Elevance Health’s Medicaid business is expected to reach a low point on profits in 2026, according to the company’s CFO, Mark Kaye.
While speaking at the UBS Global Healthcare Conference on Nov. 11, Mr Kaye said the company anticipates its Medicaid operating margin to decrease to -1.75% in 2026, following a -0.5% margin in 2025.
While Elevance is forecasting a challenging 2026, the expectation is that Medicaid will return to more sustainable margins in 2027, with the company’s target for margins between 2% and 4% over the long term.
“Our 2026 outlook is intentionally prudent,” Mr. Kaye said. “It’s meant to establish a credible foundation for improvement in 2027 and beyond.”
Elevance and other insurers have been challenged with the “mismatch” between the cost of care for Medicaid beneficiaries and rates from states for around two years, and several factors are contributing to the ongoing pressures on margins. Elevance said the company continues to face an increase in acuity among its Medicaid members. As states conduct eligibility redeterminations, lower-acuity members are disenrolling at higher rates, leaving behind a population with more complex healthcare needs.
Mr. Kaye said that recent disenrollments “have primarily affected lower-acuity members,” which has driven the remaining membership’s risk profile higher. The company is also grappling with rising utilization in several areas, particularly behavioral health and specialty drugs.
“State rate setting processes typically rely on experience periods that lag current trends by up to 12 to 24 months…that lag has led to a material timing mismatch between rates and the actual cost of care” Mr.
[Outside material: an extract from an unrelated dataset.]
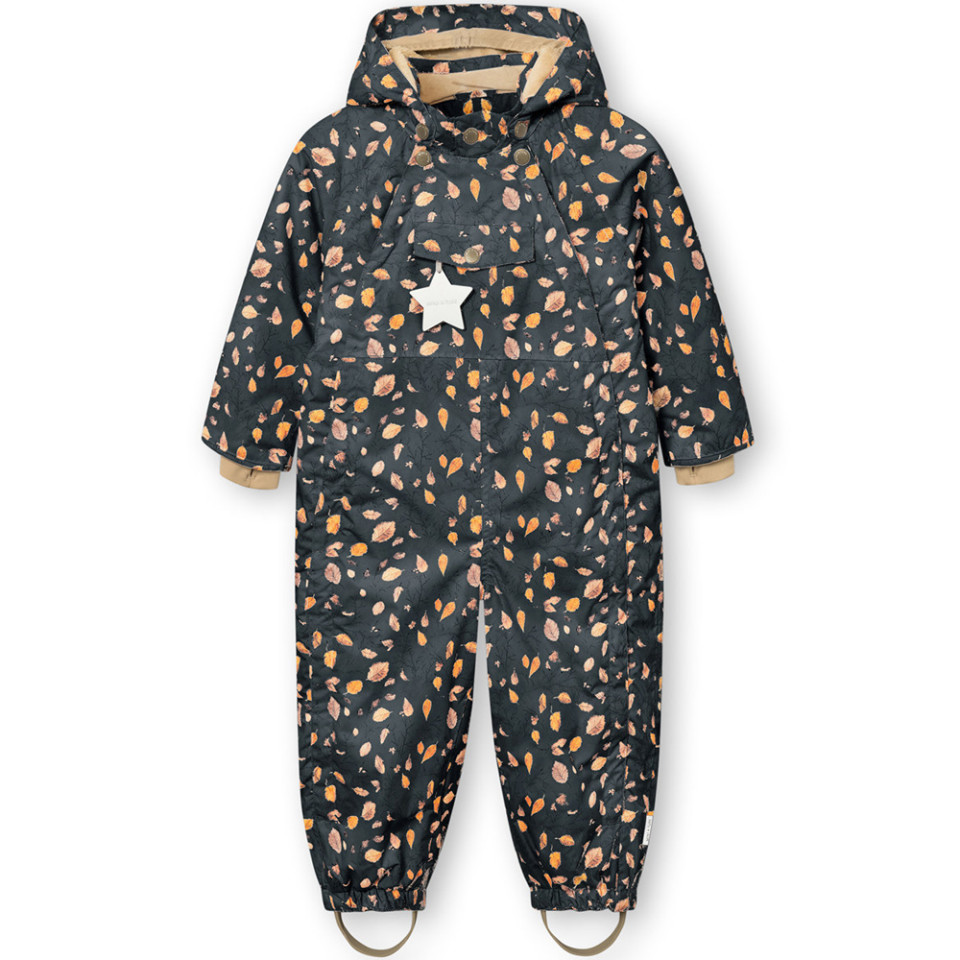 MATWISTANG flyverdragt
Kaye added. “We recognize that the provisions included in the budget reconciliation bill will present a headwind, and we expect the impact to phase in over time as implementation timelines vary across states.”
To mitigate the pressures, Elevance has intensified efforts to tighten medical care management, ink more value-based arrangements, and scale digital and AI tools. Additionally, the company is working with states to align Medicaid reimbursement rates with the rising acuity and costs in the program.